Er war nun schon seit gestern nachmittag auf den Beinen und langsam machte sich der Schlafmangel bemerkbar. Kopfschmerzen und ein leichter Tinnitus waren seine Belohnung dafür, dass er sich die Nacht um die Ohren geschlagen hatte, in der Hoffnung seinen Fall zu lösen. Ein Junge von 10 Jahren wurde nun schon seit zwei Wochen vermisst und sorgte für Beunruhigung in der Bevölkerung. Er kam einfach nicht dahinter, wo der Junge sein konnte und ihm lief langsam die Zeit davon. Trotz Allem hatte er sich nach dem verstörenden Anruf sofort auf den Weg gemacht.
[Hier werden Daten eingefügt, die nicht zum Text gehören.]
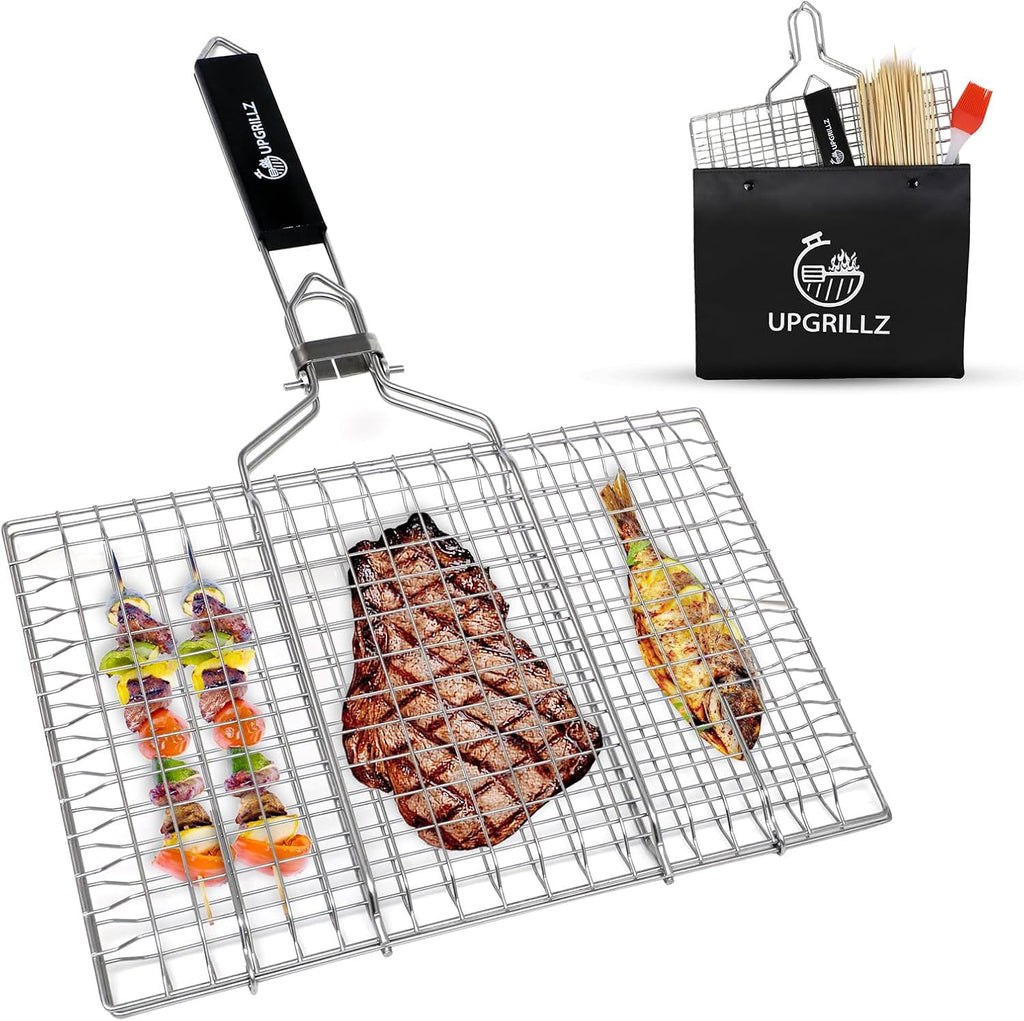 Fish Grill Baskets for Outdoor Grill Vegetables, Fish Grilling rack for Grill, BBQ Grilling Basket, Stainless steel Grill Basket for Veggies, shrimp Includes 50 skewers, Silicon Brush, and Carry Bag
Nun stand er in einer verflucht kalten Herbstnacht am Rande eines abgesperrten Tatorts inmitten des Amsterdam'schen Rotlichtviertels und würde sich wohl in wenigen Minuten einer Gewalttat gegenüber sehen, welche er nur selten zu Gesicht bekam.
Das Blaulicht der Politie war schon von Weitem zu sehen. Seuzend bremste er ab und stieg vor dem gelben Absperrband vom Fahrrad. Es war einfacher sich in Amsterdam mit Fahrrädern zu bewegen. Vorsichtig duckte er sich unter dem gelben Absperrband hindurch und schob sein GMX Bike hinterher. Während er es auf der anderen Seite des gelben Bandes an einer der schäbigen Hauswände abstellte und abschloss kam ein Polizist auf ihn zu. Hoekstra stand auf seinem Namenschild und er erkannte ihn wieder von einer Ermittlung vor einem Jahr. Der Mann war ein in die Jahre gekommener Polizist, der aber mit seiner Erfahrung viel wettmachen konnte.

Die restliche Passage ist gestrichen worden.